Without the pictures, copy all the entries below exactly.

=== Begin Enclosure ===

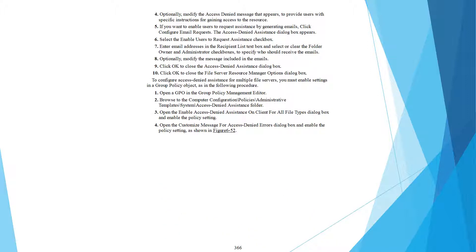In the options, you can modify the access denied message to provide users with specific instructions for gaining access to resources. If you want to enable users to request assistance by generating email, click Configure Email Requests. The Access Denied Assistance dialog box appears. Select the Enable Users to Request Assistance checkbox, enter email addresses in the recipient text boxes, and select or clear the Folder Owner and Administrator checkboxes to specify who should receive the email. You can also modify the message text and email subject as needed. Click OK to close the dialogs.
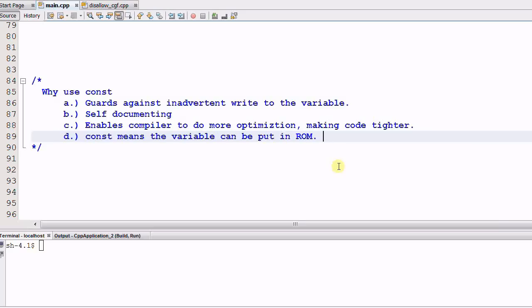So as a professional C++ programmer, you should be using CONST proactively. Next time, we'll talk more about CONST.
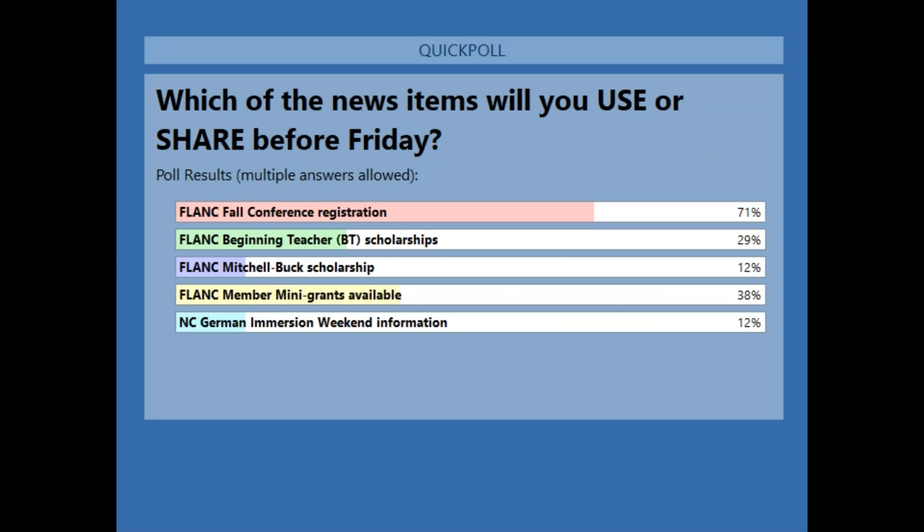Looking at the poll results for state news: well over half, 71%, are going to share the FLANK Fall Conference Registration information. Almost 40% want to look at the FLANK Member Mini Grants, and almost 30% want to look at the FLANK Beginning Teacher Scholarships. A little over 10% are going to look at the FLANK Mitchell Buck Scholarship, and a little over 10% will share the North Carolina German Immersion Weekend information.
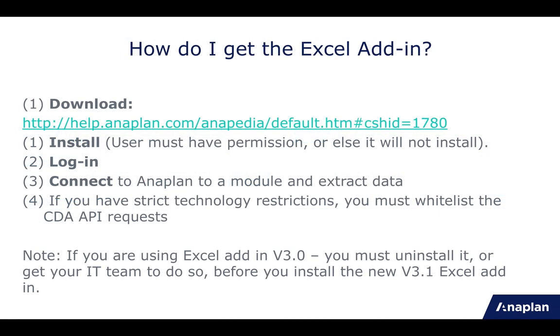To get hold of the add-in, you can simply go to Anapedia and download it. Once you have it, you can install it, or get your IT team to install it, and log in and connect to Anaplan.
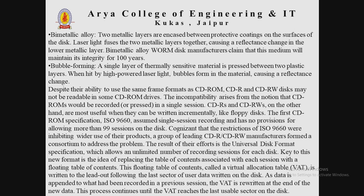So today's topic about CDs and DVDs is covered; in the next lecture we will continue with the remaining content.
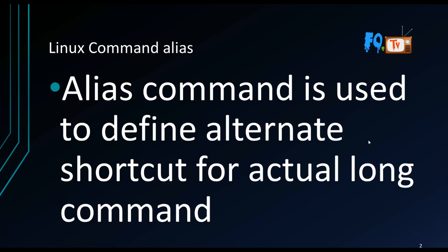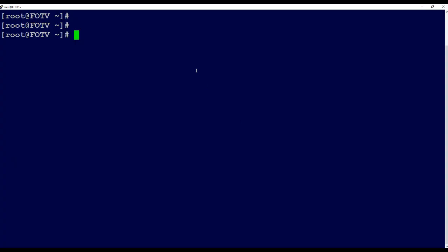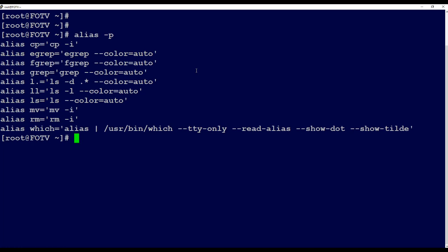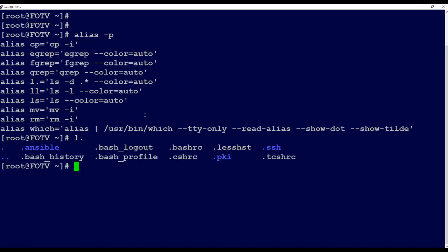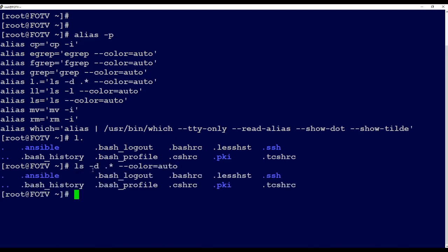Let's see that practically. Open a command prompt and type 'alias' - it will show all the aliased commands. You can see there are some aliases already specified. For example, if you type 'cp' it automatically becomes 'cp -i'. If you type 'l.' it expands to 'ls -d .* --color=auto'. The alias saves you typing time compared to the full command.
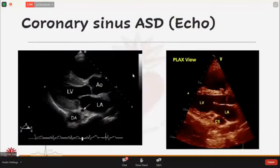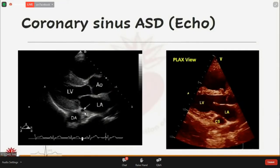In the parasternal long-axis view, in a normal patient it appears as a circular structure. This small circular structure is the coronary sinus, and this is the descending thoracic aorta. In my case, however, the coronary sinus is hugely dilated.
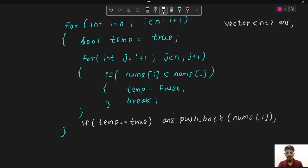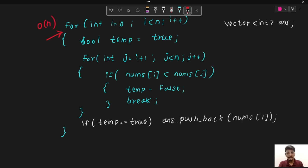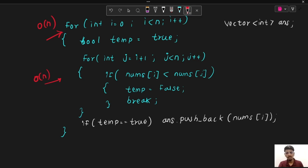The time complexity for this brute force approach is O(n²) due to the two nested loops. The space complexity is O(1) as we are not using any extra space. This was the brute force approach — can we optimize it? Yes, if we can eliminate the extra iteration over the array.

=== End Enclosure ===

▸ RESPONSE TO THE EXERCISE:
In the options, you can modify the access denied message to provide users with specific instructions for gaining access to resources. If you want to enable users to request assistance by generating email, click Configure Email Requests. The Access Denied Assistance dialog box appears. Select the Enable Users to Request Assistance checkbox, enter email addresses in the recipient text boxes, and select or clear the Folder Owner and Administrator checkboxes to specify who should receive the email. You can also modify the message text and email subject as needed. Click OK to close the dialogs.
So as a professional C++ programmer, you should be using CONST proactively. Next time, we'll talk more about CONST.
Looking at the poll results for state news: well over half, 71%, are going to share the FLANK Fall Conference Registration information. Almost 40% want to look at the FLANK Member Mini Grants, and almost 30% want to look at the FLANK Beginning Teacher Scholarships. A little over 10% are going to look at the FLANK Mitchell Buck Scholarship, and a little over 10% will share the North Carolina German Immersion Weekend information.
To get hold of the add-in, you can simply go to Anapedia and download it. Once you have it, you can install it, or get your IT team to install it, and log in and connect to Anaplan.
So today's topic about CDs and DVDs is covered; in the next lecture we will continue with the remaining content.
Let's see that practically. Open a command prompt and type 'alias' - it will show all the aliased commands. You can see there are some aliases already specified. For example, if you type 'cp' it automatically becomes 'cp -i'. If you type 'l.' it expands to 'ls -d .* --color=auto'. The alias saves you typing time compared to the full command.
In the parasternal long-axis view, in a normal patient it appears as a circular structure. This small circular structure is the coronary sinus, and this is the descending thoracic aorta. In my case, however, the coronary sinus is hugely dilated.
The time complexity for this brute force approach is O(n²) due to the two nested loops. The space complexity is O(1) as we are not using any extra space. This was the brute force approach — can we optimize it? Yes, if we can eliminate the extra iteration over the array.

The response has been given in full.